Task brief:
Each line below from the one containing "Used 2017 GMC" through the one containing "Table de chevet rotin de style nordique" is to be given again exactly, and no line outside that span.

The data:
=== Section Start ===
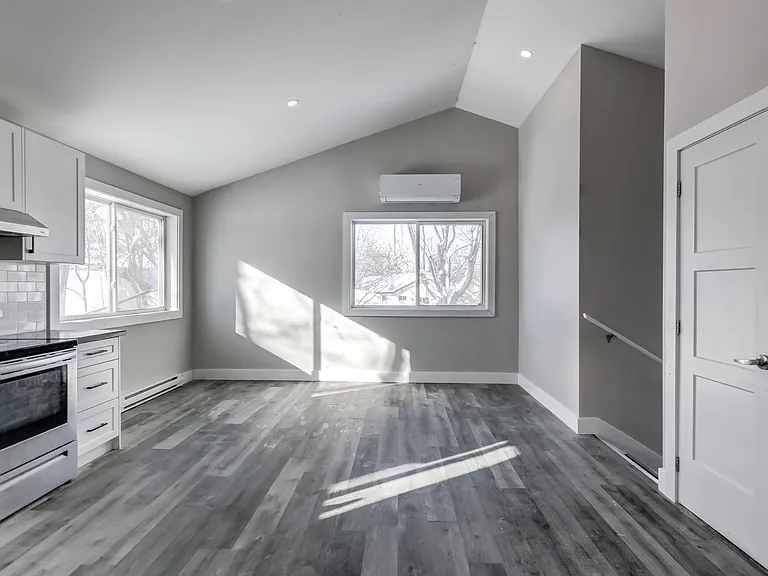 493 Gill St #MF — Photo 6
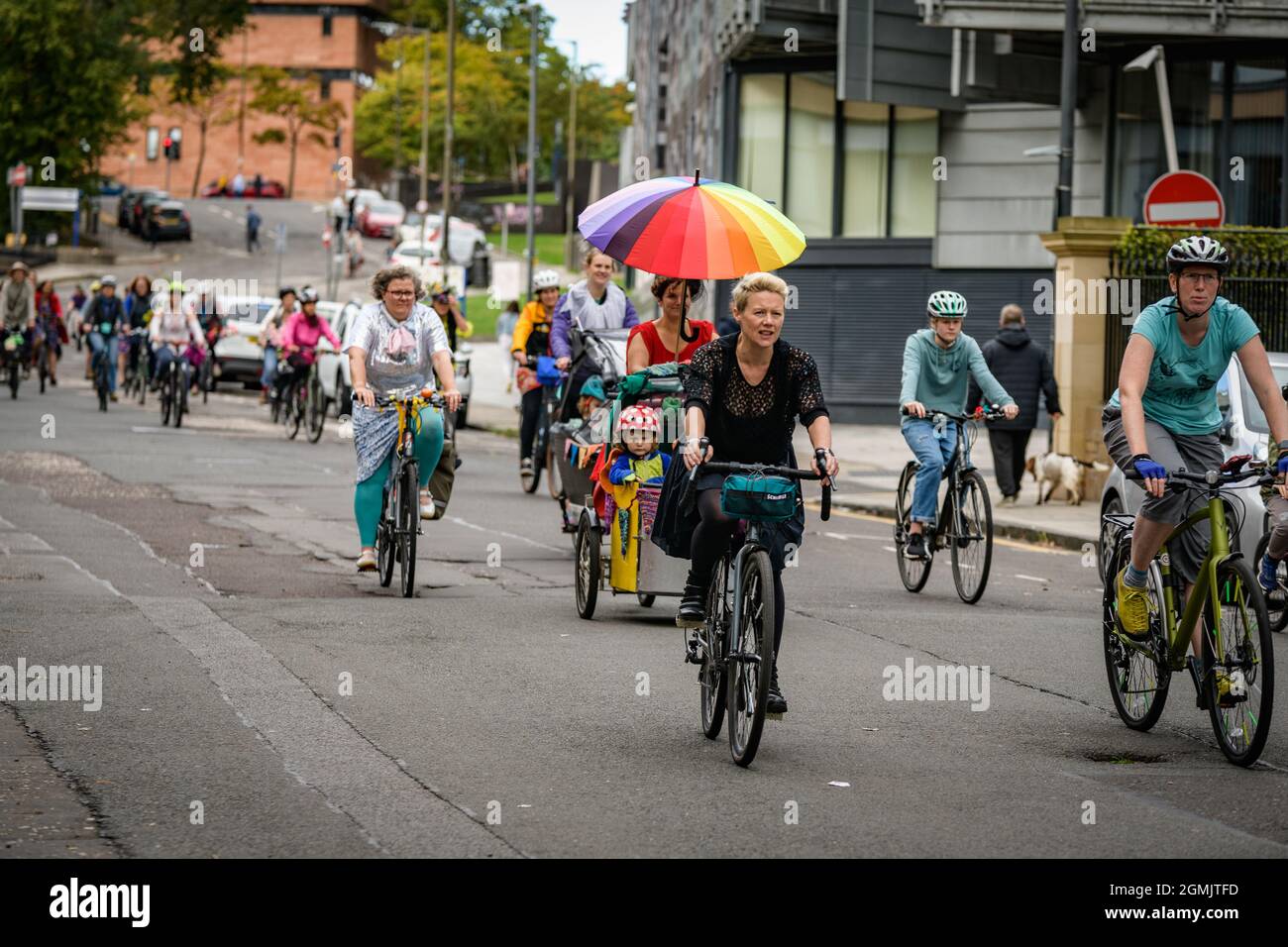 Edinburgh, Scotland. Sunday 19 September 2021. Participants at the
=== Section End ===
=== Section Start ===
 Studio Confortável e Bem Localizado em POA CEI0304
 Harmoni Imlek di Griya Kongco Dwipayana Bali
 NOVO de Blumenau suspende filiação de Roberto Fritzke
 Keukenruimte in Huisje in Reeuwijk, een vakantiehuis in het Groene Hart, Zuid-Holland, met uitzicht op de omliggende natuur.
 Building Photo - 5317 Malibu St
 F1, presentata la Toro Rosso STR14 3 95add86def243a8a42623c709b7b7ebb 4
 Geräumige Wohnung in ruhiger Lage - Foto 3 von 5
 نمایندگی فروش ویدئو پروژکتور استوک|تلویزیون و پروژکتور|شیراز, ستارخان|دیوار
=== Section End ===
=== Section Start ===
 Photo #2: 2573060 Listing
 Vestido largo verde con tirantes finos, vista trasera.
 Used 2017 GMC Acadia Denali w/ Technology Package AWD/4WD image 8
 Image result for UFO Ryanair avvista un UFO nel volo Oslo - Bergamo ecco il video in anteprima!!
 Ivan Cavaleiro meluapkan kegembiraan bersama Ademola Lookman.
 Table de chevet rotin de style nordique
=== Section End ===
Answer for the task:
 Used 2017 GMC Acadia Denali w/ Technology Package AWD/4WD image 8
 Image result for UFO Ryanair avvista un UFO nel volo Oslo - Bergamo ecco il video in anteprima!!
 Ivan Cavaleiro meluapkan kegembiraan bersama Ademola Lookman.
 Table de chevet rotin de style nordique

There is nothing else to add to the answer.